Task prompt: Of the material below, the lines to be retyped are those from the line containing "Energies 13 00604 g001b" through the line containing "Simposign Signicade A-Frame", inclusive; reproduce them exactly.

Source data:

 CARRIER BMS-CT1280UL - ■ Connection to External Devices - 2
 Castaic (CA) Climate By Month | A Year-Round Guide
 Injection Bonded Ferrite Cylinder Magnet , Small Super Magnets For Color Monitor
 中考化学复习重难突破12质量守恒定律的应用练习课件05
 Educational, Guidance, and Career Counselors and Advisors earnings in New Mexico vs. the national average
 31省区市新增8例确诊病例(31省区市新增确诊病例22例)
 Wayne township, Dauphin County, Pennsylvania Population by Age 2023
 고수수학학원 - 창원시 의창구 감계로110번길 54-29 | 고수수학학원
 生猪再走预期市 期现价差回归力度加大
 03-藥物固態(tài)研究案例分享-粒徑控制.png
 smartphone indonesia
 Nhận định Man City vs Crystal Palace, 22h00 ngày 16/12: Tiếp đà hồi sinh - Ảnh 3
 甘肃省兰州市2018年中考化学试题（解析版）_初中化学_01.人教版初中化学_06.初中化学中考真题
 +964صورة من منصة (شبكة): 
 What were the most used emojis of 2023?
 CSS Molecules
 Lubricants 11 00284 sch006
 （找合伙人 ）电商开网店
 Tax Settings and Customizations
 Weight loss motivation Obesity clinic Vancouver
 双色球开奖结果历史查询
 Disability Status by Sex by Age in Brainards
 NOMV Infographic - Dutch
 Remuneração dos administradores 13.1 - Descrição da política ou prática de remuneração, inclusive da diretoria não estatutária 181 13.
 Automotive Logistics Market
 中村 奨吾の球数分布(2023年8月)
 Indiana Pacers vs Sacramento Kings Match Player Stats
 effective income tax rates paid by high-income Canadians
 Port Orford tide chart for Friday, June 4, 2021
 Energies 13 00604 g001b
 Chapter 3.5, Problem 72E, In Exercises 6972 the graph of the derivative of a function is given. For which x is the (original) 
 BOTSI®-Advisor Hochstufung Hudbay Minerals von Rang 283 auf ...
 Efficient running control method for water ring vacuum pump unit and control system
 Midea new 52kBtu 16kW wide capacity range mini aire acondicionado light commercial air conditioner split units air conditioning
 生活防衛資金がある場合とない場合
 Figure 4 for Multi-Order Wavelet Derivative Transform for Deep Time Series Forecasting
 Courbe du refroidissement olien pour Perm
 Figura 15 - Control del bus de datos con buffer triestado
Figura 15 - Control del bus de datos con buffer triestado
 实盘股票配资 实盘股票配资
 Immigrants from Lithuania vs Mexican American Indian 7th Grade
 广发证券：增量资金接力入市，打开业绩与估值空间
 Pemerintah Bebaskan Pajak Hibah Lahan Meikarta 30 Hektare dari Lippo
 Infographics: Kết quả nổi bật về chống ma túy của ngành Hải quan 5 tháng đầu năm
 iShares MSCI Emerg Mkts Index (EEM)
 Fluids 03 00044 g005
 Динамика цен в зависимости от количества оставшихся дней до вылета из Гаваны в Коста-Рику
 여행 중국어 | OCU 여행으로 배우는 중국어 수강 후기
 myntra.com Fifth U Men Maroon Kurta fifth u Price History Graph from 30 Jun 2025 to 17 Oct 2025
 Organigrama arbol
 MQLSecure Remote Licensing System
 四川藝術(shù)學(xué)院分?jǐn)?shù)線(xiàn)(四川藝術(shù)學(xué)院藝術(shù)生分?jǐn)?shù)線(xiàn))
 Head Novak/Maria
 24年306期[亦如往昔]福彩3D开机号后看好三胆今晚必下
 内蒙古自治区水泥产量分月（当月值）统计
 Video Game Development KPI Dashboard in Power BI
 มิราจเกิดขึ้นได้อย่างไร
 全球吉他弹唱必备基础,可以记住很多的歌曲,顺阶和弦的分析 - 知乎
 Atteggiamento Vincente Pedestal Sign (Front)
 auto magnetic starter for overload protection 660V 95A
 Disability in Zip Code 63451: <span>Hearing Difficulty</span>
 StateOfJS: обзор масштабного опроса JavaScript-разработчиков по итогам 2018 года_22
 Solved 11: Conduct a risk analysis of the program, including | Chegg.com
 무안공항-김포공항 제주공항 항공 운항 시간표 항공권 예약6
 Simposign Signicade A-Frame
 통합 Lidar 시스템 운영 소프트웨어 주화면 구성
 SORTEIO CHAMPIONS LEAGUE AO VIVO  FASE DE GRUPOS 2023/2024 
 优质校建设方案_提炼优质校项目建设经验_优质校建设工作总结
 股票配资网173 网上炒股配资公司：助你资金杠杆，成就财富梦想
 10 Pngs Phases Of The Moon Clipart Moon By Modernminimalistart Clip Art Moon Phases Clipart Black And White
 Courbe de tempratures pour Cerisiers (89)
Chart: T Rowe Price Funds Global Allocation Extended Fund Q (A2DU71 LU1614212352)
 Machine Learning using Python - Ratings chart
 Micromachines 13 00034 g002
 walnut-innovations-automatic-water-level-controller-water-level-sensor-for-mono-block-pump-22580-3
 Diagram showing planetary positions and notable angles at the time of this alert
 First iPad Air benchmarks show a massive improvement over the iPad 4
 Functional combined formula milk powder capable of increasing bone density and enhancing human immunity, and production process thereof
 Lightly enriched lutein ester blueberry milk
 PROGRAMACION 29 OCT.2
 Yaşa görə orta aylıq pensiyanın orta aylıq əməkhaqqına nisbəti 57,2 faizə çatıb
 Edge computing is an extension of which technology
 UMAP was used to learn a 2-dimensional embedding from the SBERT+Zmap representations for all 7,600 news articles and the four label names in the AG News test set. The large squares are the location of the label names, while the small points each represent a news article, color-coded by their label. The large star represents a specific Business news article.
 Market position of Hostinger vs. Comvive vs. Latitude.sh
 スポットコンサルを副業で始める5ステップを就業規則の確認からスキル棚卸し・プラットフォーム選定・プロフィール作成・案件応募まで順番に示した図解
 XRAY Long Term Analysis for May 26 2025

Response:
 Energies 13 00604 g001b
 Chapter 3.5, Problem 72E, In Exercises 6972 the graph of the derivative of a function is given. For which x is the (original) 
 BOTSI®-Advisor Hochstufung Hudbay Minerals von Rang 283 auf ...
 Efficient running control method for water ring vacuum pump unit and control system
 Midea new 52kBtu 16kW wide capacity range mini aire acondicionado light commercial air conditioner split units air conditioning
 生活防衛資金がある場合とない場合
 Figure 4 for Multi-Order Wavelet Derivative Transform for Deep Time Series Forecasting
 Courbe du refroidissement olien pour Perm
 Figura 15 - Control del bus de datos con buffer triestado
Figura 15 - Control del bus de datos con buffer triestado
 实盘股票配资 实盘股票配资
 Immigrants from Lithuania vs Mexican American Indian 7th Grade
 广发证券：增量资金接力入市，打开业绩与估值空间
 Pemerintah Bebaskan Pajak Hibah Lahan Meikarta 30 Hektare dari Lippo
 Infographics: Kết quả nổi bật về chống ma túy của ngành Hải quan 5 tháng đầu năm
 iShares MSCI Emerg Mkts Index (EEM)
 Fluids 03 00044 g005
 Динамика цен в зависимости от количества оставшихся дней до вылета из Гаваны в Коста-Рику
 여행 중국어 | OCU 여행으로 배우는 중국어 수강 후기
 myntra.com Fifth U Men Maroon Kurta fifth u Price History Graph from 30 Jun 2025 to 17 Oct 2025
 Organigrama arbol
 MQLSecure Remote Licensing System
 四川藝術(shù)學(xué)院分?jǐn)?shù)線(xiàn)(四川藝術(shù)學(xué)院藝術(shù)生分?jǐn)?shù)線(xiàn))
 Head Novak/Maria
 24年306期[亦如往昔]福彩3D开机号后看好三胆今晚必下
 内蒙古自治区水泥产量分月（当月值）统计
 Video Game Development KPI Dashboard in Power BI
 มิราจเกิดขึ้นได้อย่างไร
 全球吉他弹唱必备基础,可以记住很多的歌曲,顺阶和弦的分析 - 知乎
 Atteggiamento Vincente Pedestal Sign (Front)
 auto magnetic starter for overload protection 660V 95A
 Disability in Zip Code 63451: <span>Hearing Difficulty</span>
 StateOfJS: обзор масштабного опроса JavaScript-разработчиков по итогам 2018 года_22
 Solved 11: Conduct a risk analysis of the program, including | Chegg.com
 무안공항-김포공항 제주공항 항공 운항 시간표 항공권 예약6
 Simposign Signicade A-Frame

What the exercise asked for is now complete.